**RECORD EXCERPTS**

================

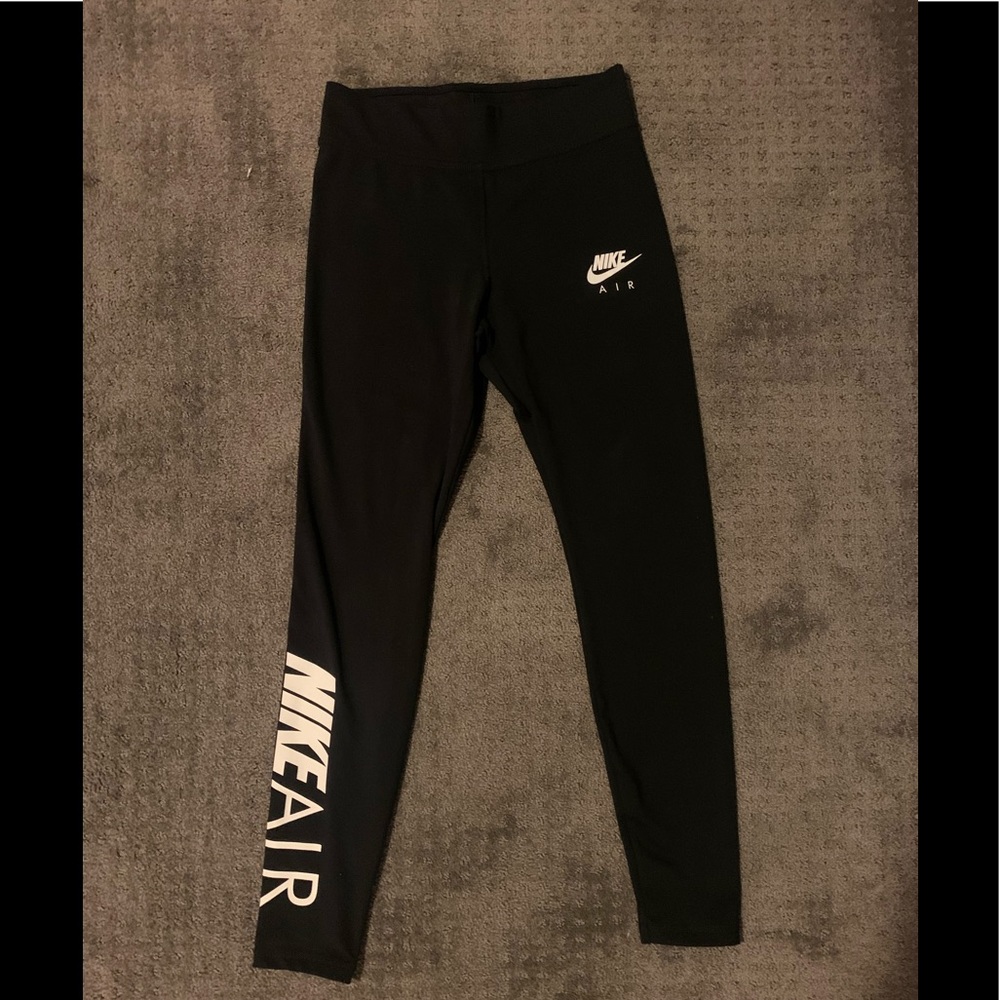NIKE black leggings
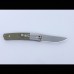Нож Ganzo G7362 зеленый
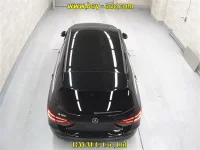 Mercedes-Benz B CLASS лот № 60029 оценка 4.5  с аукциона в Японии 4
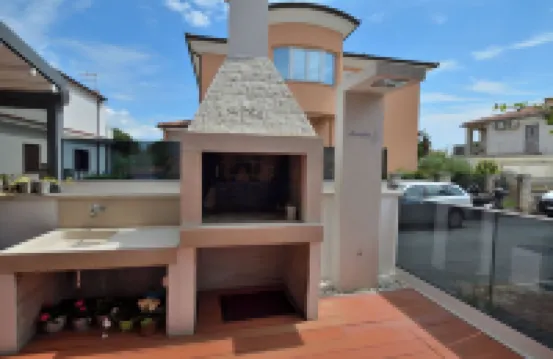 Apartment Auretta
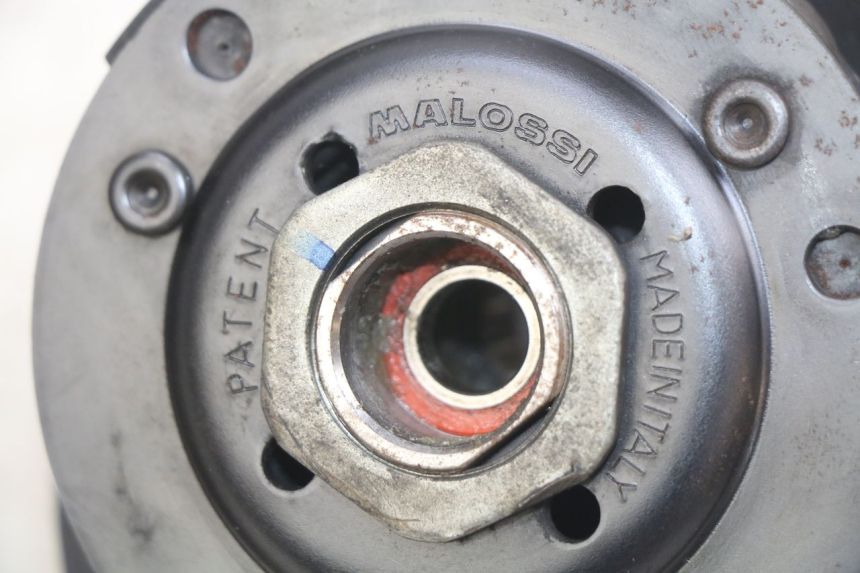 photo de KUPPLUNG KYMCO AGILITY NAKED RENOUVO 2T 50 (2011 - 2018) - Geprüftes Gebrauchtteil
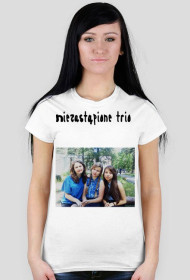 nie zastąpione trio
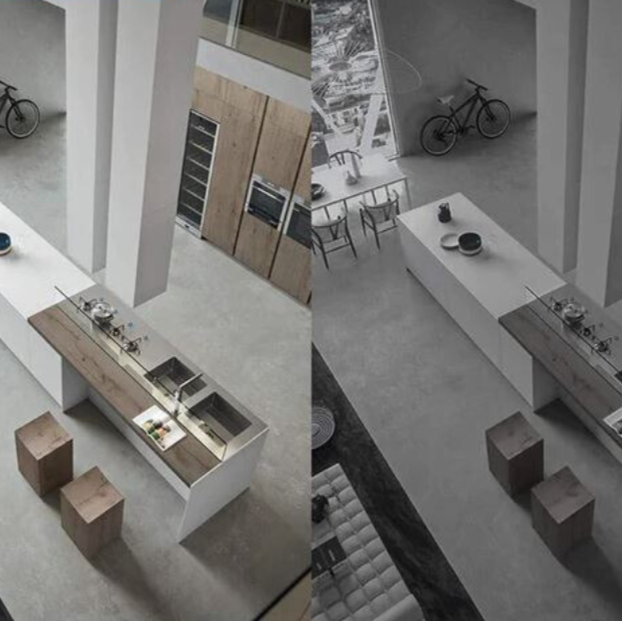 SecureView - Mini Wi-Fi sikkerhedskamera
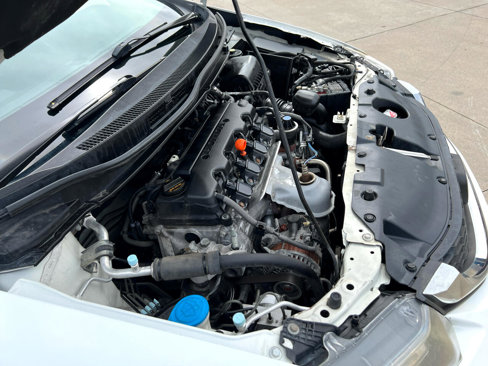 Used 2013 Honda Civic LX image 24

================

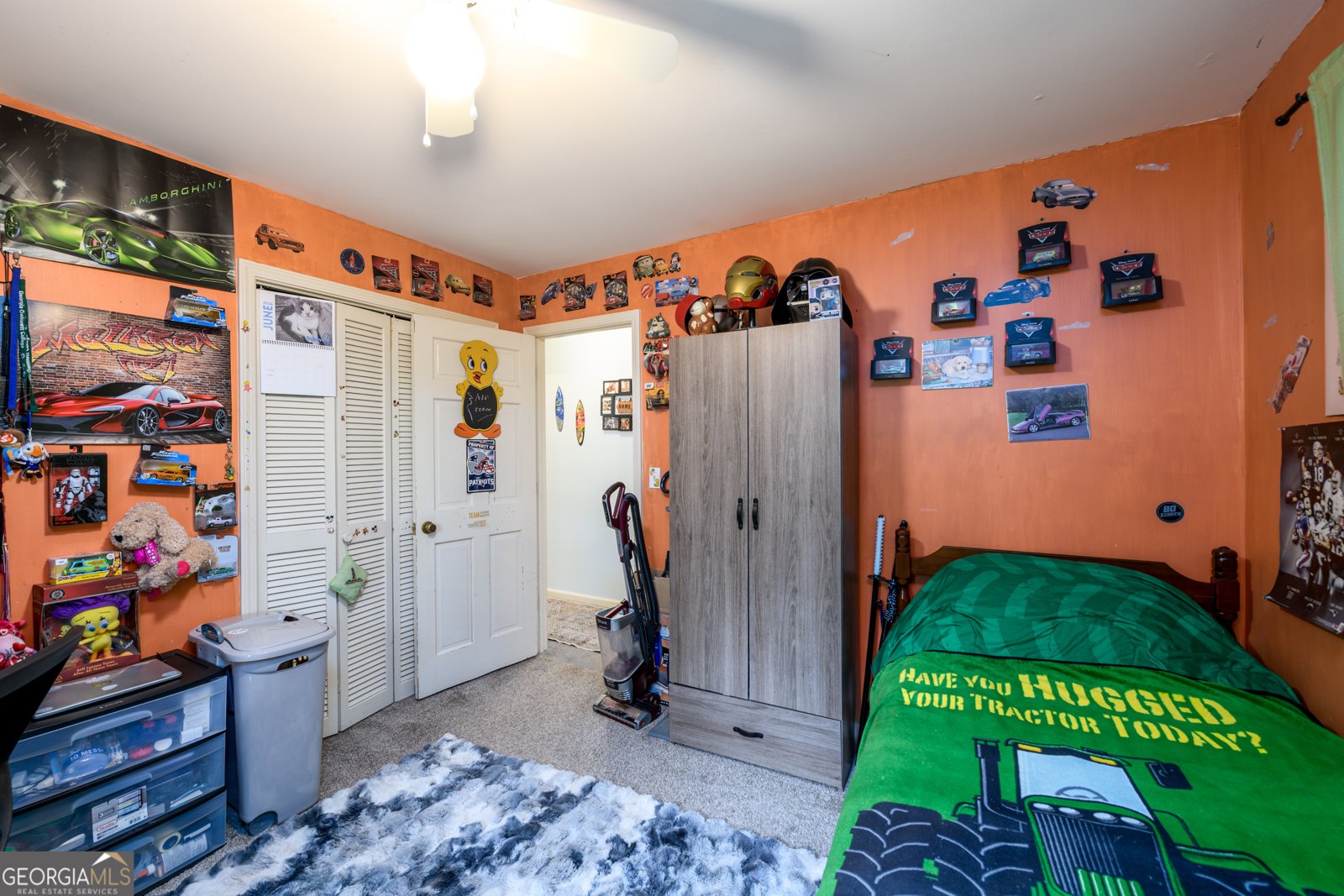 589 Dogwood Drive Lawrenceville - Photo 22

================

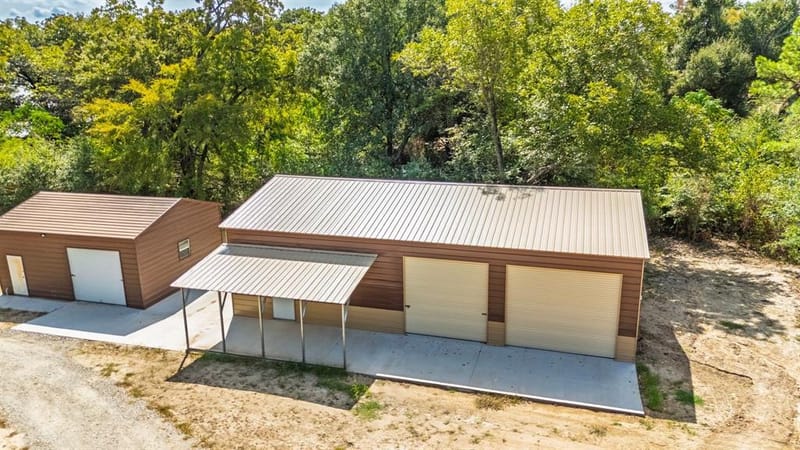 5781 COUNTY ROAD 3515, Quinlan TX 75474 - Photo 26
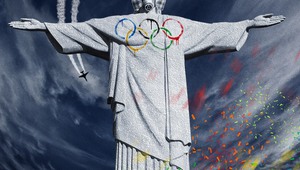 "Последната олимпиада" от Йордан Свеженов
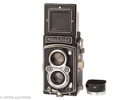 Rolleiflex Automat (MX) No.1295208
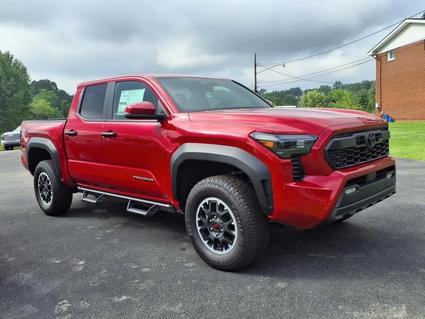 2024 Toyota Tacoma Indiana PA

================

Copy exactly, without pictures, the lines above from the one with "photo de KUPPLUNG" down to the one with "Used 2013 Honda Civic LX image 24", inclusive.

 photo de KUPPLUNG KYMCO AGILITY NAKED RENOUVO 2T 50 (2011 - 2018) - Geprüftes Gebrauchtteil
 nie zastąpione trio
 SecureView - Mini Wi-Fi sikkerhedskamera
 Used 2013 Honda Civic LX image 24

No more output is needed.